- Opening Delimiter -
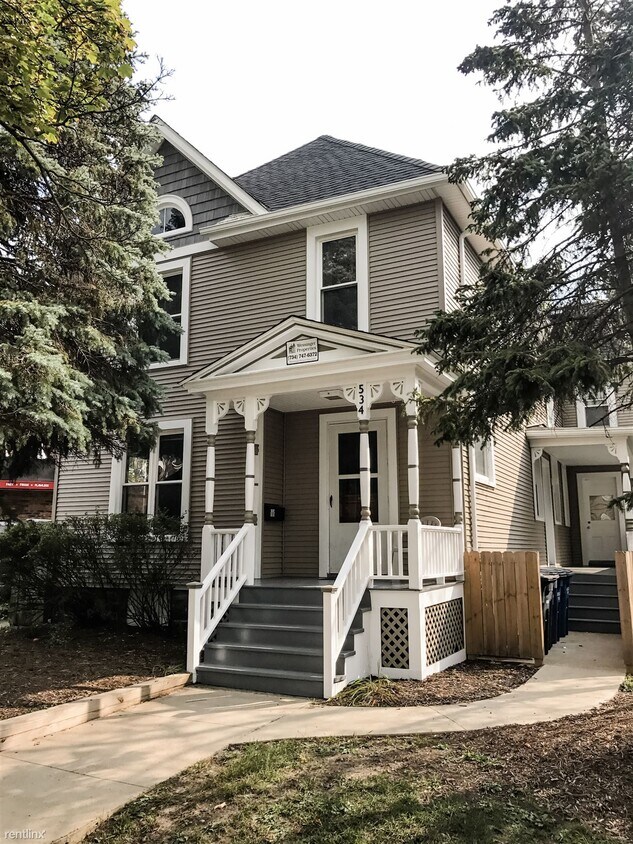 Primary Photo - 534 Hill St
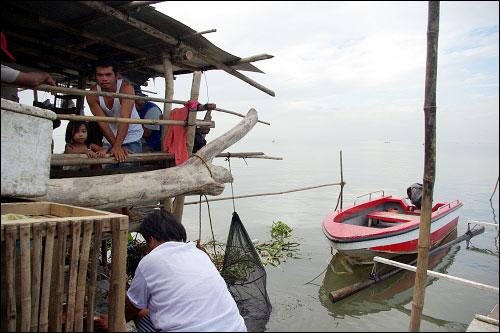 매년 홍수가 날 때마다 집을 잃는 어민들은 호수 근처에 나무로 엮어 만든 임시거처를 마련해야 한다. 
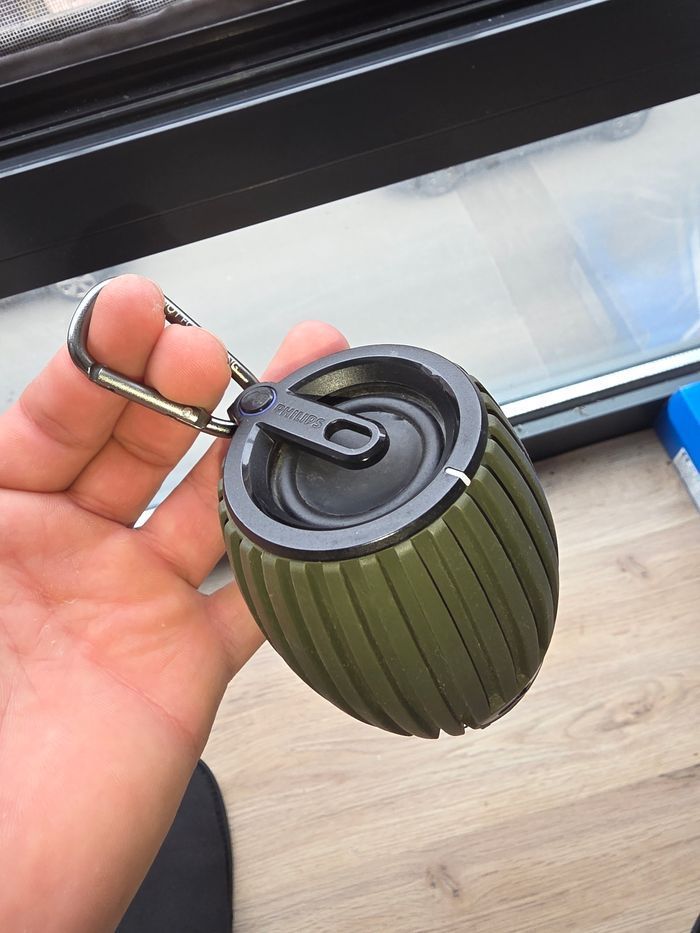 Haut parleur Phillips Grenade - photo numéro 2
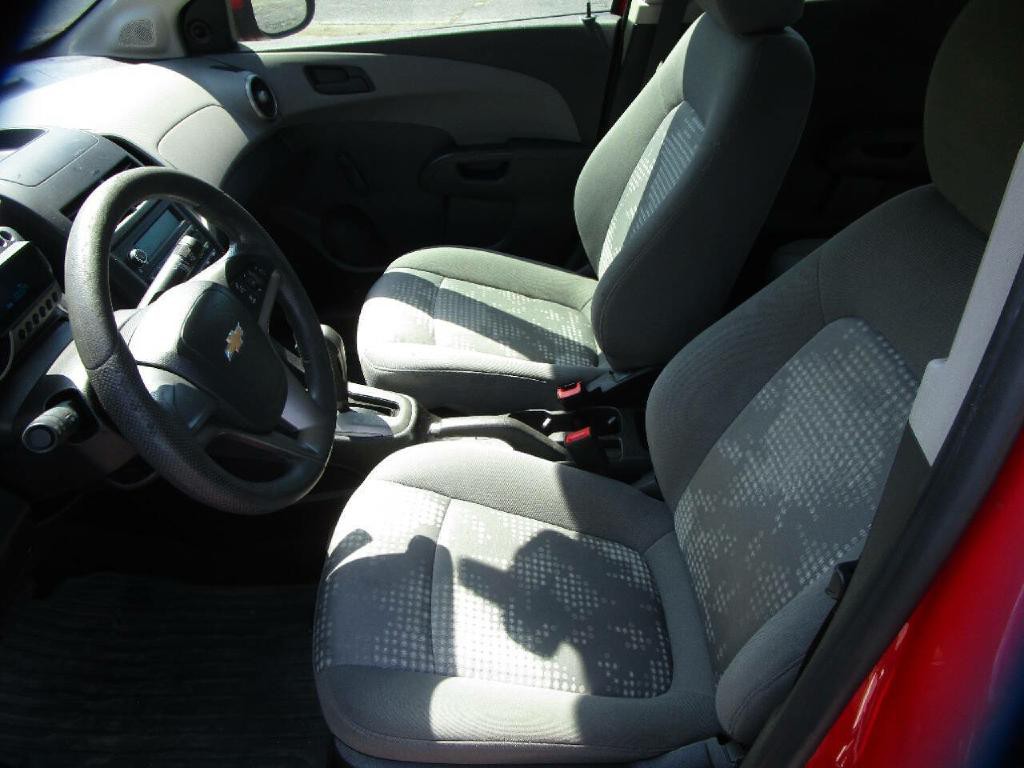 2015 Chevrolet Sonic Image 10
- Closing Delimiter -
### Exercise prompt
Everything in the data except the pictures needs to be written out exactly.

### Written response
 Primary Photo - 534 Hill St
 매년 홍수가 날 때마다 집을 잃는 어민들은 호수 근처에 나무로 엮어 만든 임시거처를 마련해야 한다. 
 Haut parleur Phillips Grenade - photo numéro 2
 2015 Chevrolet Sonic Image 10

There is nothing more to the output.